*EXERCISE DIRECTIONS*:
Could you output exactly the lines running from the one containing "Qupid Cascade Wedge in Toffee" to the final line of the listing below, leaving out pictures?

*DATASET SECTION*:
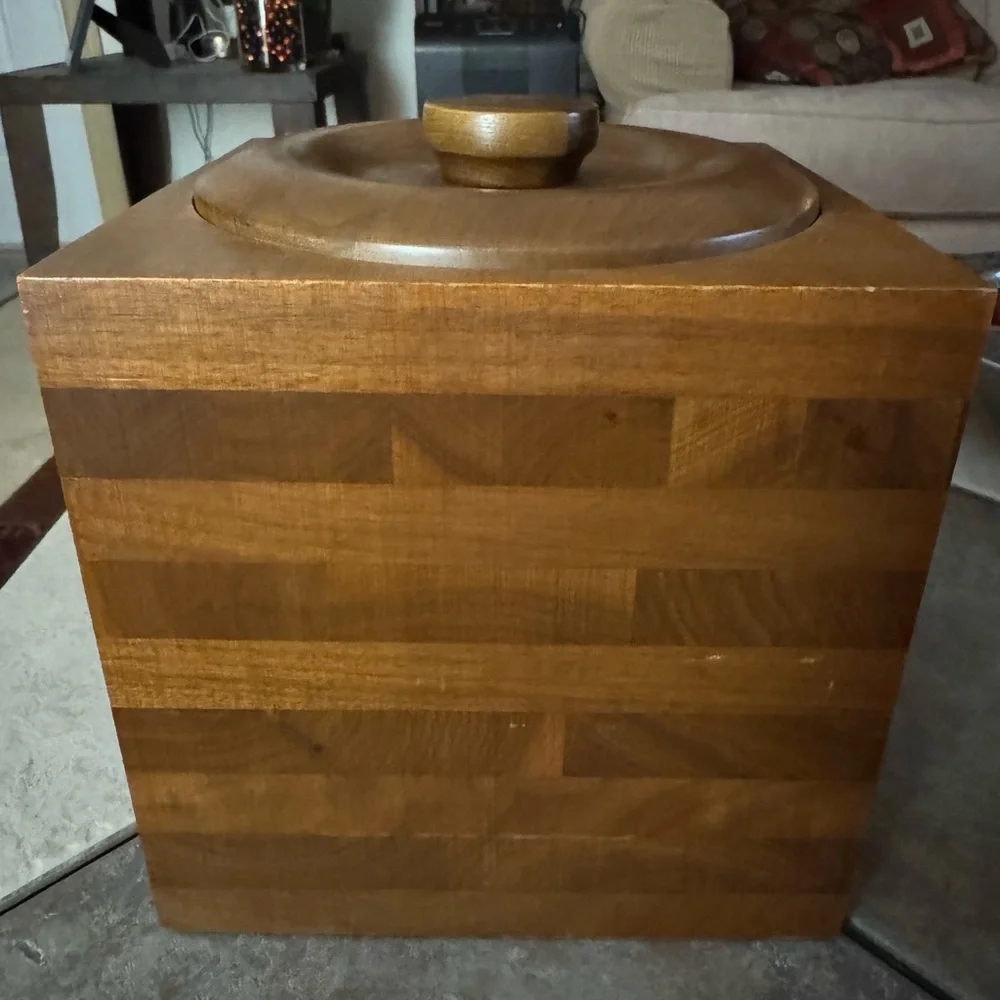 1970s Solid Black Walnut Ice Bucket w/Lid.  Midcentury Barware by‎ Kustom Kraft.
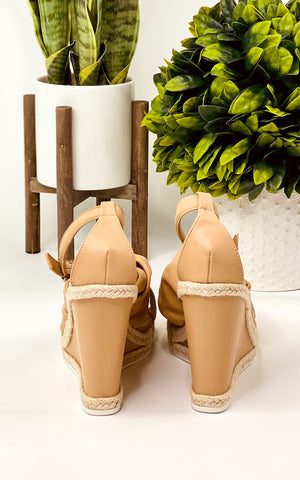 Qupid Cascade Wedge in Toffee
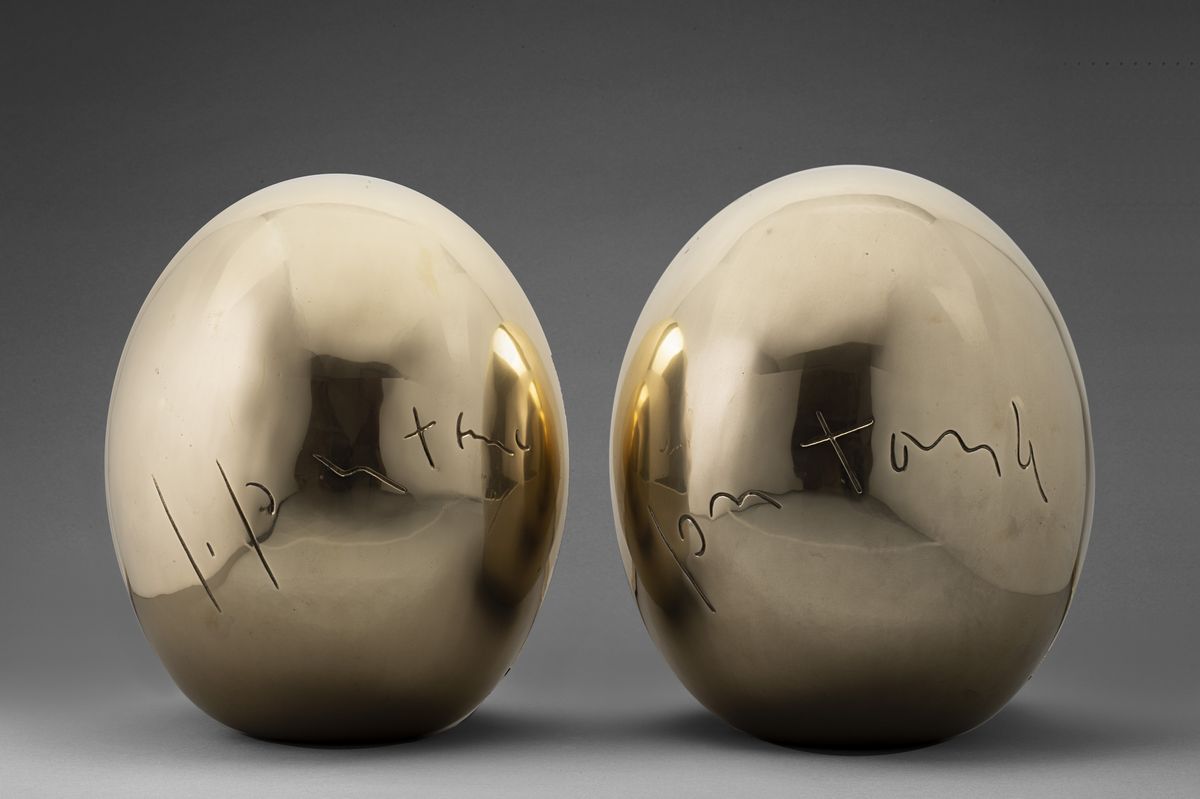 Lucio Fontana - Concetto Spaziale, Natura - coppia di sculture in bronzo lucidato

*ANSWER SECTION*:
 Qupid Cascade Wedge in Toffee
 Lucio Fontana - Concetto Spaziale, Natura - coppia di sculture in bronzo lucidato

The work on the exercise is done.